Solidarität? Eine andere Form der Herdenimmunität
In der Theorie wäre das die beste Zeit für Superhelden. Aber ganz ehrlich?
Wir brauchen sie nicht, wir können uns gemeinsam selbst helfen.
Für Dystopiefans und Superhelden-erfinder sind das goldene Zeiten, auch, weil die aktuelle Situation über Ingredienzen verfügt, aus denen man gute Drehbücher schreiben kann: Ein Virus hält die Welt in Schach, globaler Lockdown inklusive. Wer das noch immer auf die leichte Schulter nimmt, der kann es auch amtlich haben: Die Menschheit ist, von der UNO amtlich bestätigt, in einer dramatischen Lage: „Covid-19 ist eine Bedrohung für die gesamte Menschheit“, diagnostiziert António Guterres, Generalsekretär der Vereinten Nationen.
Wären wir in einem Superheldenuniversum, würde – theatralischdramatisch von oben kommend – ein Superheld zur Rettung der Welt vorstellig werden. Dann würde es kurz noch ein bisschen dramatisch werden und am Ende stünde wie in jedem Blockbuster-drehbuch ein Big Bang mit schön rundem Happy End. So zumindest die Theorie.

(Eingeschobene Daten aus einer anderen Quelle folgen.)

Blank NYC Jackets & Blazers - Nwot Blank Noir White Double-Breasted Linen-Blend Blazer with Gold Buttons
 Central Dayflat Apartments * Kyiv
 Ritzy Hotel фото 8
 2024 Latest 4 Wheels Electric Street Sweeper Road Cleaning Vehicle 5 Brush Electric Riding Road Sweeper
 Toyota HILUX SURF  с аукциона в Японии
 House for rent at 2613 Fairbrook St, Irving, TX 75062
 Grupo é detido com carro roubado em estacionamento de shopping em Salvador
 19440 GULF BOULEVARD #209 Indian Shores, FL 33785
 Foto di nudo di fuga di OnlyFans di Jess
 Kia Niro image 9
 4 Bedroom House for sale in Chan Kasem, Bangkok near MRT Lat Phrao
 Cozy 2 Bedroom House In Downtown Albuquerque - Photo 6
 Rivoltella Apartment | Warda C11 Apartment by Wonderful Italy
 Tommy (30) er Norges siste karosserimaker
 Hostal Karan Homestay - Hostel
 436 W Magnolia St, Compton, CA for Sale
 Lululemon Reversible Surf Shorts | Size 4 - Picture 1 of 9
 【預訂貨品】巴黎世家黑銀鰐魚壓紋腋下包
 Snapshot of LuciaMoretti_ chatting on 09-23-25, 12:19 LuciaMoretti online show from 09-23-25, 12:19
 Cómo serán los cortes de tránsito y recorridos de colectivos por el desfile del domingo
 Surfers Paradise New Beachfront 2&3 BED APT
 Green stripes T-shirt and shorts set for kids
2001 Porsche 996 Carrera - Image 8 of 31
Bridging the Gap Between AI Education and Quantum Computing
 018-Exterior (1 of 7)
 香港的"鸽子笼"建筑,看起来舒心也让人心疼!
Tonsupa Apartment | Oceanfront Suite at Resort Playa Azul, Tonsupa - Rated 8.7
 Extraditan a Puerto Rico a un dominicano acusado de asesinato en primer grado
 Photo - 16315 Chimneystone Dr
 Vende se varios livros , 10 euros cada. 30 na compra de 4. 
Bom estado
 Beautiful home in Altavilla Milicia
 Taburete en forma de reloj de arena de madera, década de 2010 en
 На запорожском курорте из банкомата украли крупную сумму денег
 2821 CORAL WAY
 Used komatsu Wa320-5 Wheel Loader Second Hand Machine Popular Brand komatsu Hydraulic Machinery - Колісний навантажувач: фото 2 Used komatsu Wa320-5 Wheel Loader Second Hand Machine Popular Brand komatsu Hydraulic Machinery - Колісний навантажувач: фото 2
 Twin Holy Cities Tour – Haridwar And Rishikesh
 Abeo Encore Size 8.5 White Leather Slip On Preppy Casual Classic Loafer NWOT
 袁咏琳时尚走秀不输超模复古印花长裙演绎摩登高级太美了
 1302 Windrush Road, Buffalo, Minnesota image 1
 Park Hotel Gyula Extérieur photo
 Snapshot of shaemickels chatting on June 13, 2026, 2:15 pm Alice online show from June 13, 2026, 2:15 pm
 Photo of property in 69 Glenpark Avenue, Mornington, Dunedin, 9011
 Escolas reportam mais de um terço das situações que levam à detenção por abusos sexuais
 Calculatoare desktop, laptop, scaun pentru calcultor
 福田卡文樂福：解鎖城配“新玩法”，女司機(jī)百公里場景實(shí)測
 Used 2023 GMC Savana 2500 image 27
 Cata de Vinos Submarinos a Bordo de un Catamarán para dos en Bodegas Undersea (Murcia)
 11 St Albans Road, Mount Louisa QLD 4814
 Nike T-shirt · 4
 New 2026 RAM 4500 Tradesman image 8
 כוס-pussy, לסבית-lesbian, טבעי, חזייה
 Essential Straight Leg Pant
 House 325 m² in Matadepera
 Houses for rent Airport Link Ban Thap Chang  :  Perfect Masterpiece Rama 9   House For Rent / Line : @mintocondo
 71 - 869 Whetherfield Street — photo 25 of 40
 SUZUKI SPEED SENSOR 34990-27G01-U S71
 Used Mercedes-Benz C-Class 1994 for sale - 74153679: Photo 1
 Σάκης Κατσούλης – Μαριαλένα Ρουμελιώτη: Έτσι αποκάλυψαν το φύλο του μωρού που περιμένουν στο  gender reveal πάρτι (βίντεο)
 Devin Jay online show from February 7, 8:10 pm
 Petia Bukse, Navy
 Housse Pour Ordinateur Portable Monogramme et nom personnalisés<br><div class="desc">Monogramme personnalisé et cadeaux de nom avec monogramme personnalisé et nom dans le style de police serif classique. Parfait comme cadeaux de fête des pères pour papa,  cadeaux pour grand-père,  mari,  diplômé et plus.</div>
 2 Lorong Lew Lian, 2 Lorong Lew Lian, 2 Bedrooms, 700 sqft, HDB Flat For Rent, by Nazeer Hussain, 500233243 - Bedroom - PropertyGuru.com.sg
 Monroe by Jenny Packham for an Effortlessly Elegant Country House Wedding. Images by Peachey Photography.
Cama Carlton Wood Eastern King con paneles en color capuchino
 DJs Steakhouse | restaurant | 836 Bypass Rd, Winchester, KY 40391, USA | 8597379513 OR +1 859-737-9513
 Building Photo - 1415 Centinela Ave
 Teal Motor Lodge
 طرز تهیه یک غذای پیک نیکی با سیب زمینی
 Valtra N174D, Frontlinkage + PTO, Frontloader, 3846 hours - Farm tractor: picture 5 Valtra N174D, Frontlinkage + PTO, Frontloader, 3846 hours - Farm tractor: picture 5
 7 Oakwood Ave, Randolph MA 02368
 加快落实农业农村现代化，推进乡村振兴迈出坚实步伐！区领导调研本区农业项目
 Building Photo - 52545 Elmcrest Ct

In der Praxis trennt eine scharfe Trennlinie die Fiktion von der Wirklichkeit. Heißt: Es gibt keine Superhelden, aber im gleichen Maße, wie Nationalstaaten die Grenzen dichtgemacht haben, haben Menschen regional, national und weltweit eines begriffen: Zusammen ist man weniger allein – mit dem vorgeschriebenen Abstand selbstverständlich.
Es gleicht einem Rausgehen aus dem individuellen Maschinenraum, einer Form von emotionaler Schwarmintelligenz, deren Motor die Solidarität ist. Solidarität? Ein Wort, das viele längst in den hintersten Winkeln von Weltverbessererarchiven wähnten. Krisen bringen das Schlechteste und Beste im Menschen hervor, heißt es. Auch wenn diese Krise vorbeigeht und die Welt uns wieder in unseren normalen Trott drängt und wir uns auch zwangsläufig wieder darüber beschweren werden, schlägt sich eine Erkenntnis durch: Gemeinschaft ist unbezahlbar. Auch das ist eine Form von Herdenimmunisierung gegen die Malaise der Gegenwart.